Provided records –

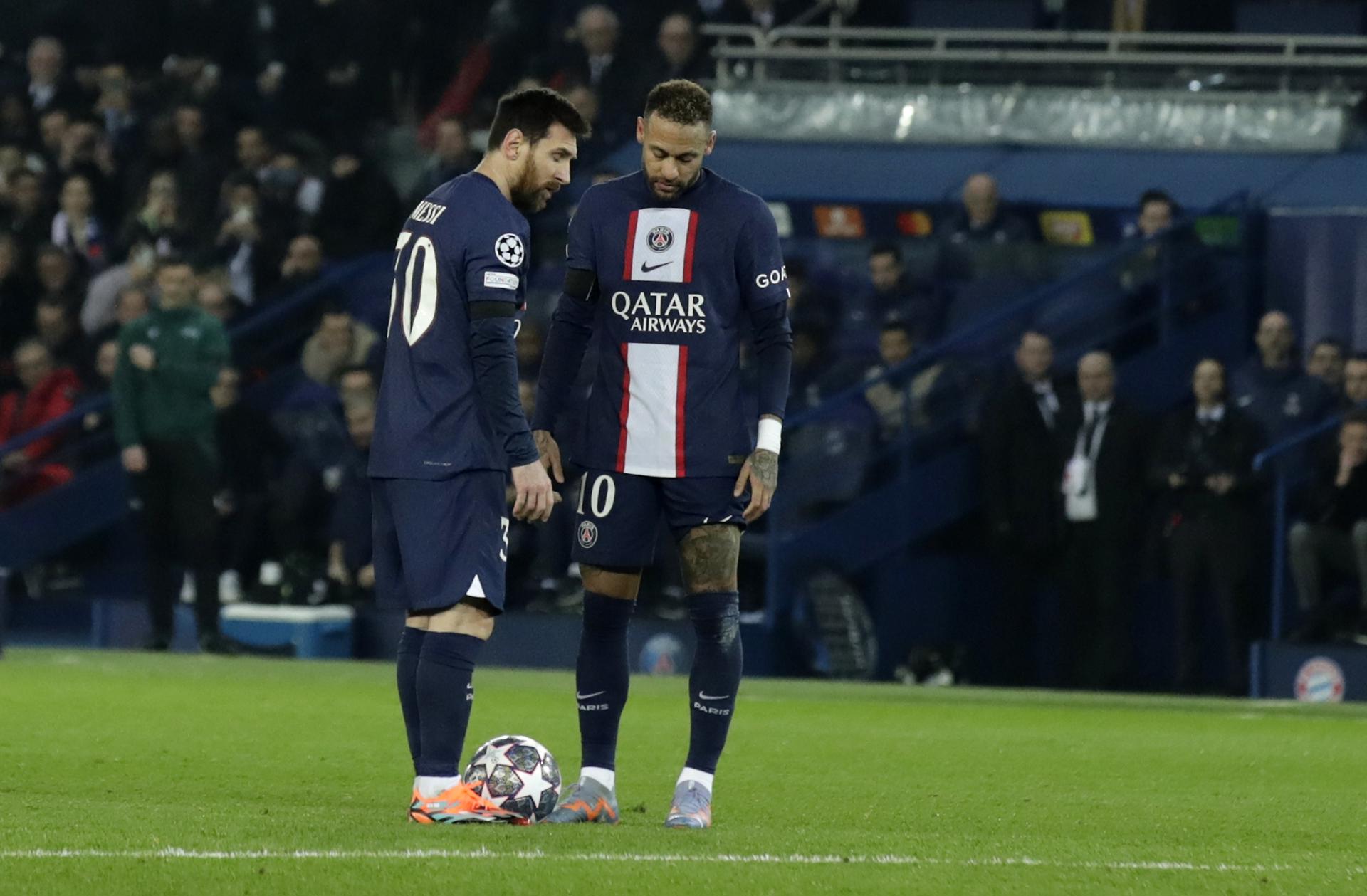 Los jugadoes Lionel Messi (i) y Neymar, durante su etapa en el PSG, en una fotografía de archivo. EFE/Teresa Suárez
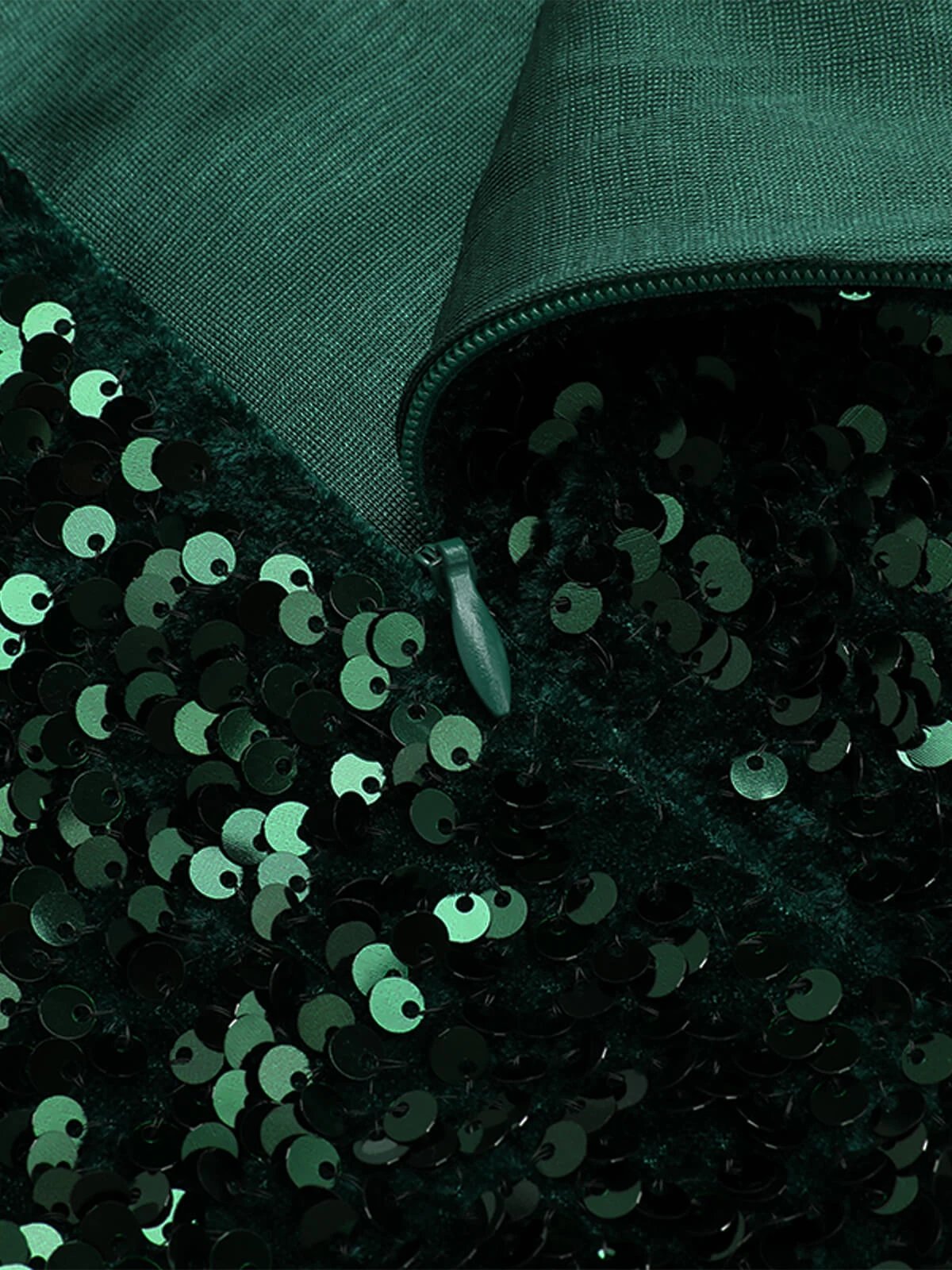 Green 1960s Sequins Off-Shoulder Pencil Dress 6 Green 1960s Sequins Off-Shoulder Pencil Dress - Image 6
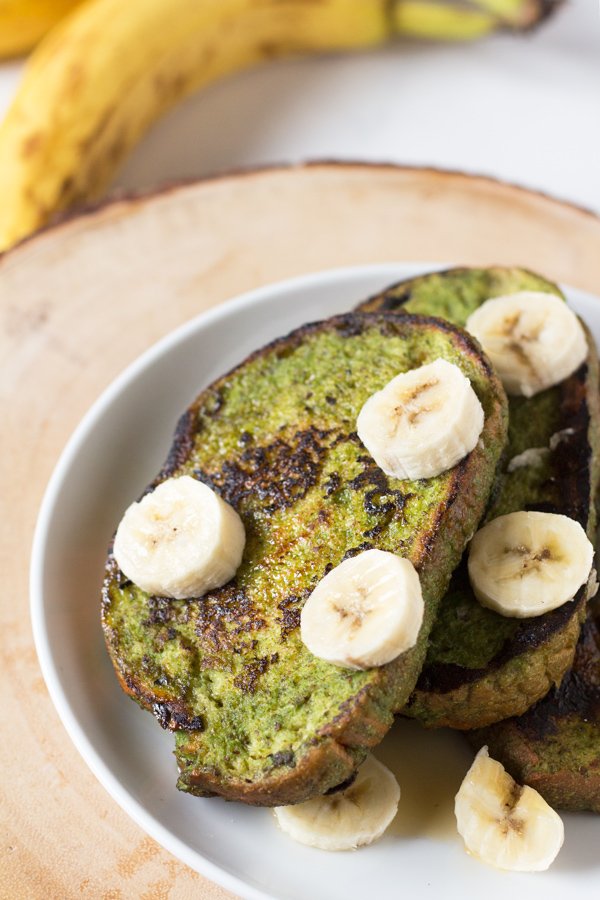 Green Smoothie Vegan French Toast via @ExSloth | ExSloth.com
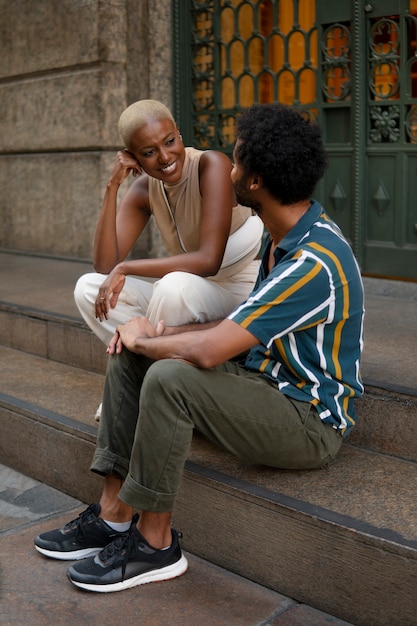 Foto gratuita pareja sonriente de tiro completo al aire libre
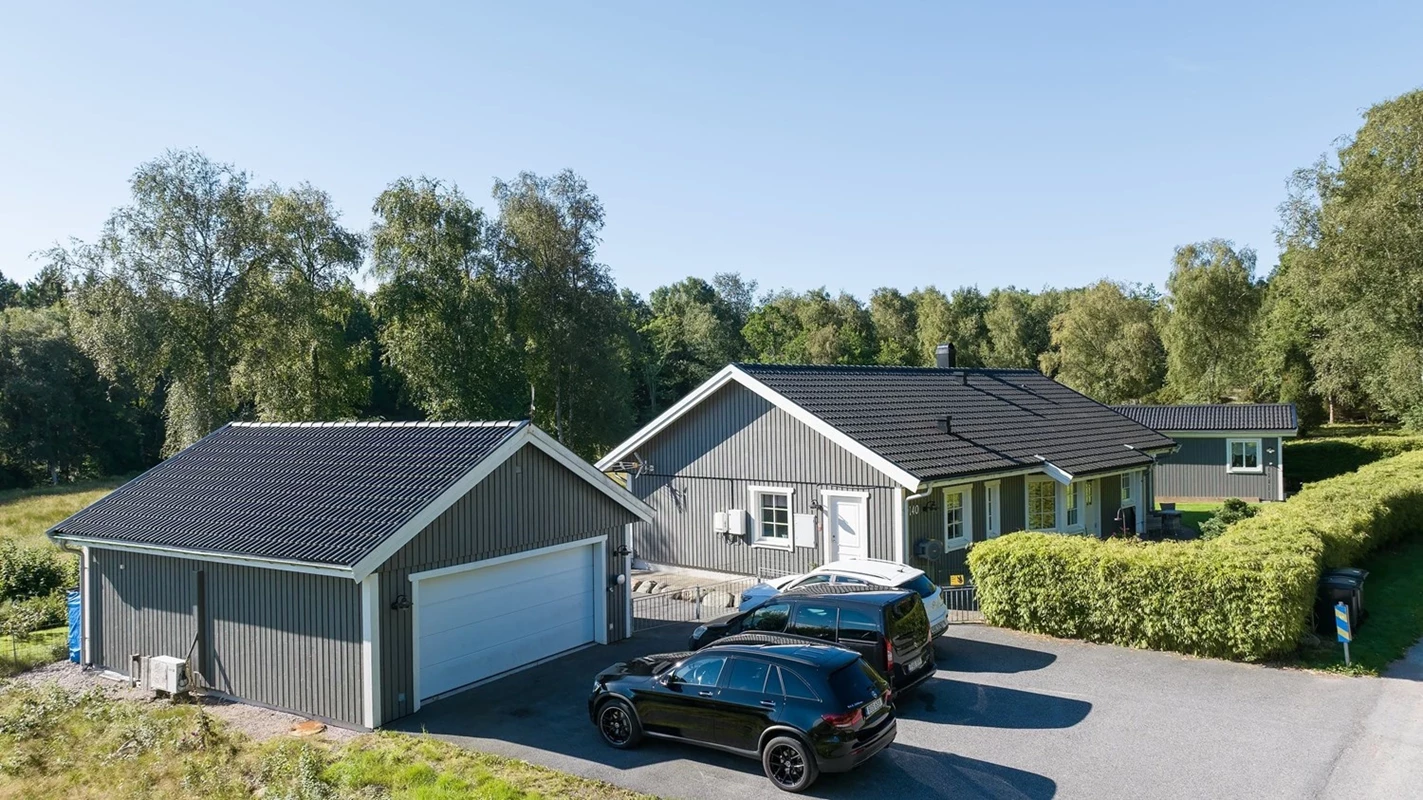 Vacker 1-plansvilla med garage och gäststuga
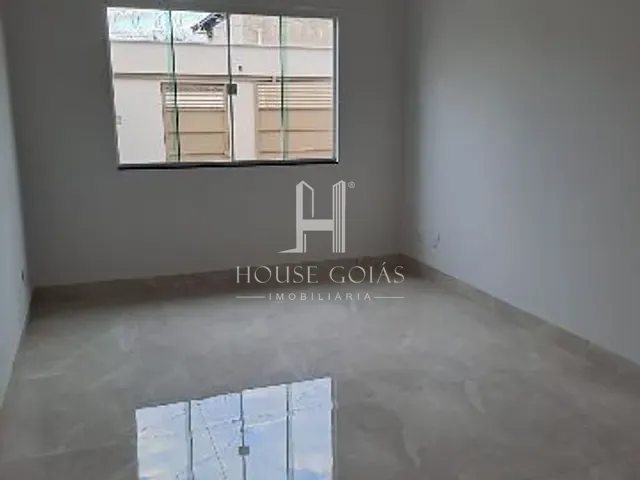 Casa com 180m² 3 quartos e 1 banheiro, à venda, no bairro Jardim Luz em Aparecida de Goiânia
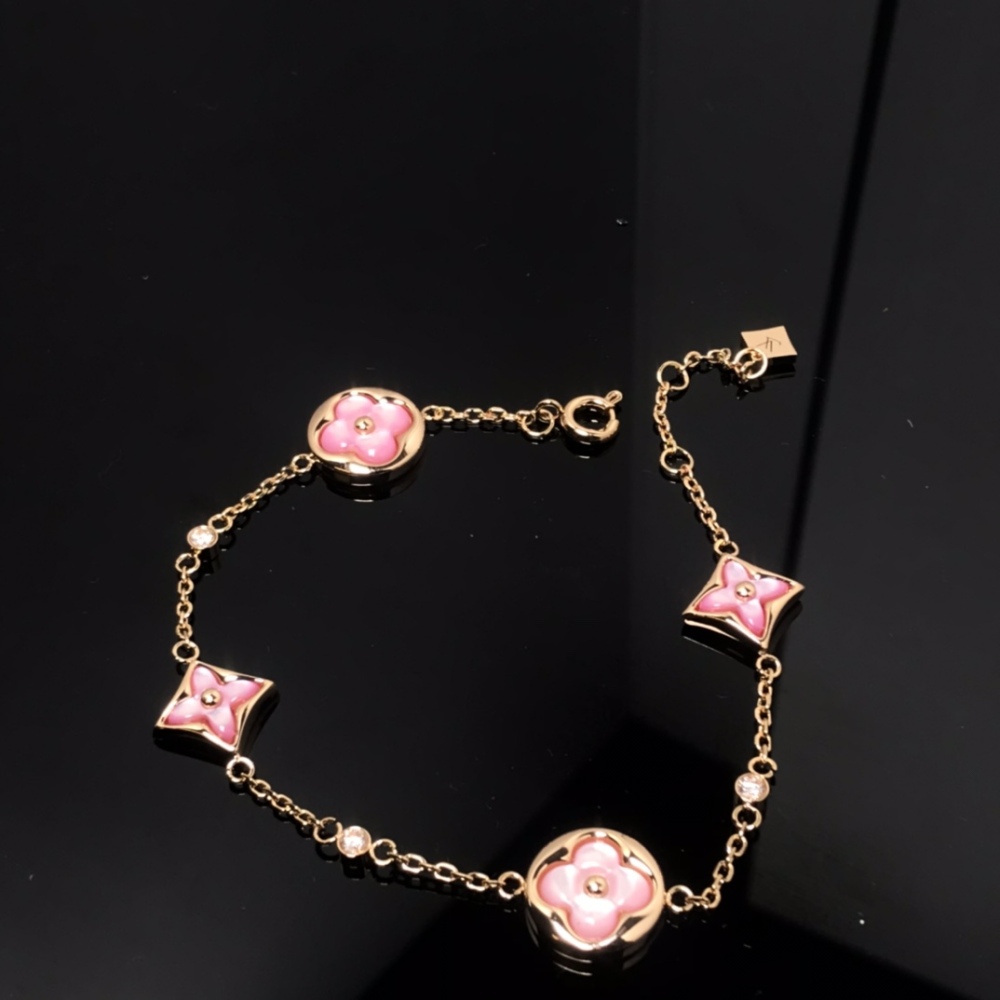 001 Lv bracelet - New product - Pink pearl mini four-flower mother-of-pearl bracelet - Serial number: CC3248438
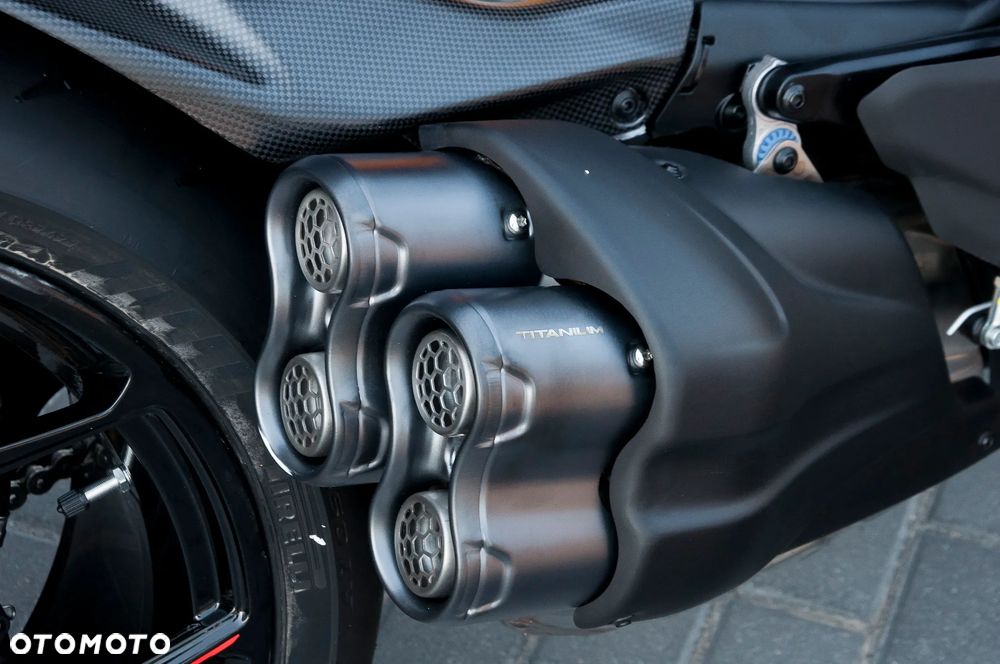 Ducati Diavel - 10
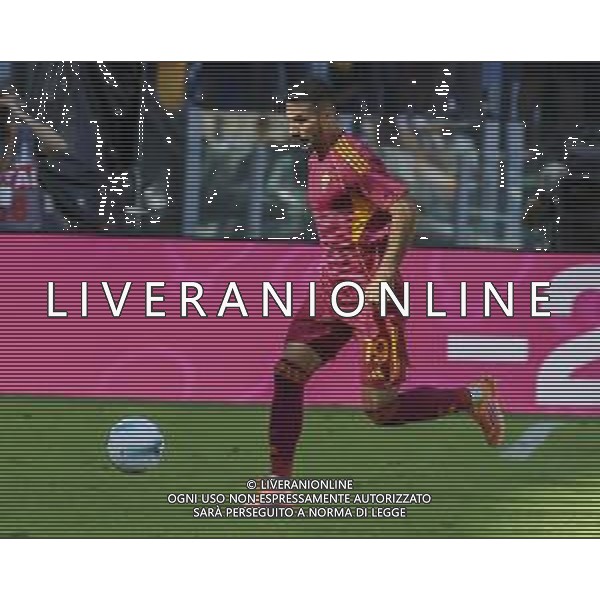 Zeki Çelik of AS Roma play the ball during AS Roma vs Hellas Verona FC, 5° Serie A Enilive 2025-26 game at Olimpic stadium in Roma (RM), Italy, on September 28, 2025. (Photo by Davide Casentini) AG ALDO LIVERANI SAS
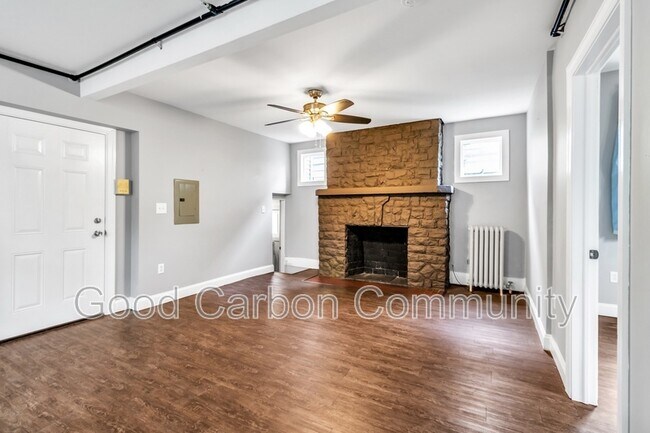 618 Elmwood Ave Unit 3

Work task –
In the answer, the data should reappear exactly, with no pictures.

Answer to the exercise –
 Los jugadoes Lionel Messi (i) y Neymar, durante su etapa en el PSG, en una fotografía de archivo. EFE/Teresa Suárez
 Green 1960s Sequins Off-Shoulder Pencil Dress 6 Green 1960s Sequins Off-Shoulder Pencil Dress - Image 6
 Green Smoothie Vegan French Toast via @ExSloth | ExSloth.com
 Foto gratuita pareja sonriente de tiro completo al aire libre
 Vacker 1-plansvilla med garage och gäststuga
 Casa com 180m² 3 quartos e 1 banheiro, à venda, no bairro Jardim Luz em Aparecida de Goiânia
 001 Lv bracelet - New product - Pink pearl mini four-flower mother-of-pearl bracelet - Serial number: CC3248438
 Ducati Diavel - 10
 Zeki Çelik of AS Roma play the ball during AS Roma vs Hellas Verona FC, 5° Serie A Enilive 2025-26 game at Olimpic stadium in Roma (RM), Italy, on September 28, 2025. (Photo by Davide Casentini) AG ALDO LIVERANI SAS
 618 Elmwood Ave Unit 3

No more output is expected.